Decision Trees, a tree-like structure, are easy to interpret and perform well, notably when the dataset is large. However, the problems of the model are twofold. First, the Decision Trees usually experience low prediction bias and high variance, so-called over-fitted, which means the model picks up even small perturbations and random noises in the training dataset. Furthermore, although the most optimum decision is determined at each step, this greedy model does not consider the global optimum; therefore, the overall decision tree might not be optimal. The abovementioned issues can be mitigated by ensembling methods, integrating the results of multiple trees (weak learners) into the final result (strong learner)51,52. Such ensemble learning algorithm in which each tree is trained in parallel forms a Decision Tree ensemble, which is referred to as Random Forests.

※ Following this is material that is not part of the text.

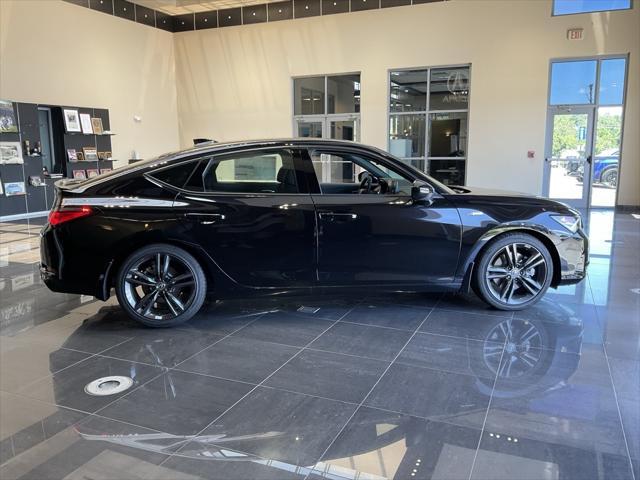 new 2025 Acura Integra car, priced at $36,795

The greedy strategy in RF determines the importance of each tree at each stage53. Moreover, RF can measure the feature’s importance and retain the most informative input features54. To improve the variable selection and diversity of the trees, the RF algorithm employs a technique called bagging or bootstrap aggregation. The model will decide how to split the input data into multiple sub-datasets according to the given trees’ population. Bagging, a type of random sampling technique, allocates a third of data for the training purpose of a subtree development process, and the remaining will be left behind, which are referred to as out-of-bag samples. Additionally, the cross-validation technique is unnecessary while using the RF algorithm as multiple bagging in the training process prevents over-fitting55. The framework of RF construction is illustrated in Fig. 1.

Figure 1
figure 1

Schematic illustration of random forest algorithm.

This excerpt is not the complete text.